%%

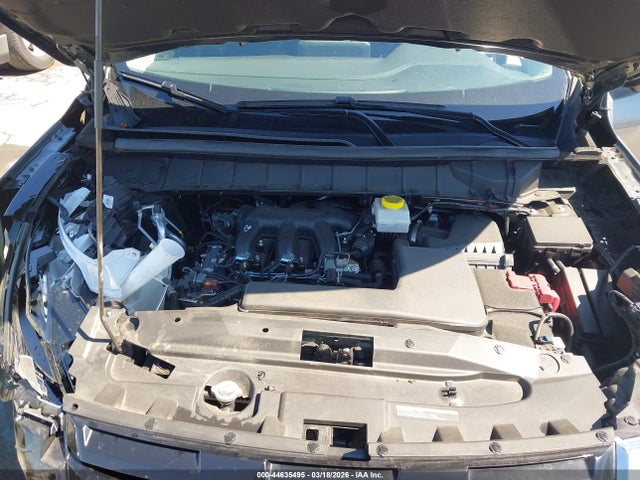Nissan Pathfinder S Fwd 2025 5N1DR3AA7SC221544 Image 10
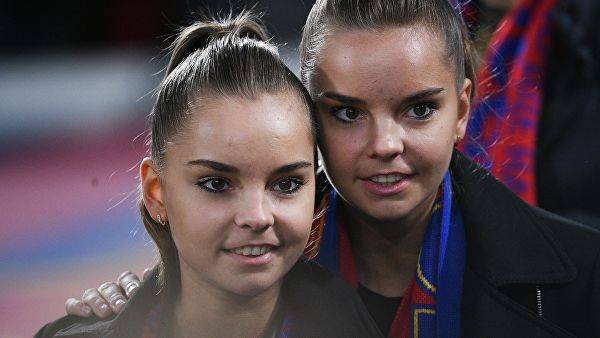 Сестры Аверины и Селезнева вылетят на чемпионат мира в Баку в четверг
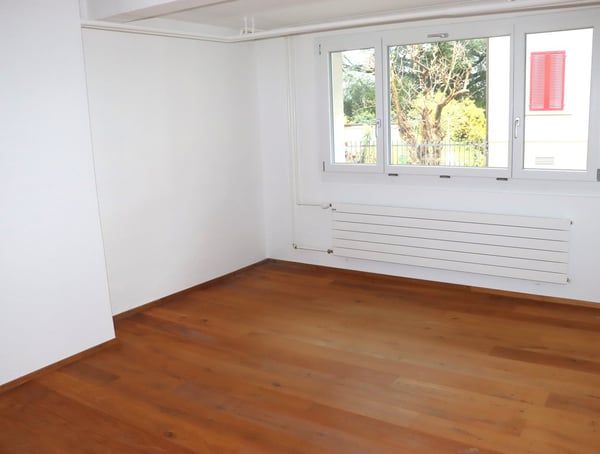 sehr grosse 2-stöckige 6.5 Zi.-Wohnung an ruhiger Lage (ideal für Wohngemeinschaften) 10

%%

Your output must reproduce the material above in full, with no pictures.

Nissan Pathfinder S Fwd 2025 5N1DR3AA7SC221544 Image 10
 Сестры Аверины и Селезнева вылетят на чемпионат мира в Баку в четверг
 sehr grosse 2-stöckige 6.5 Zi.-Wohnung an ruhiger Lage (ideal für Wohngemeinschaften) 10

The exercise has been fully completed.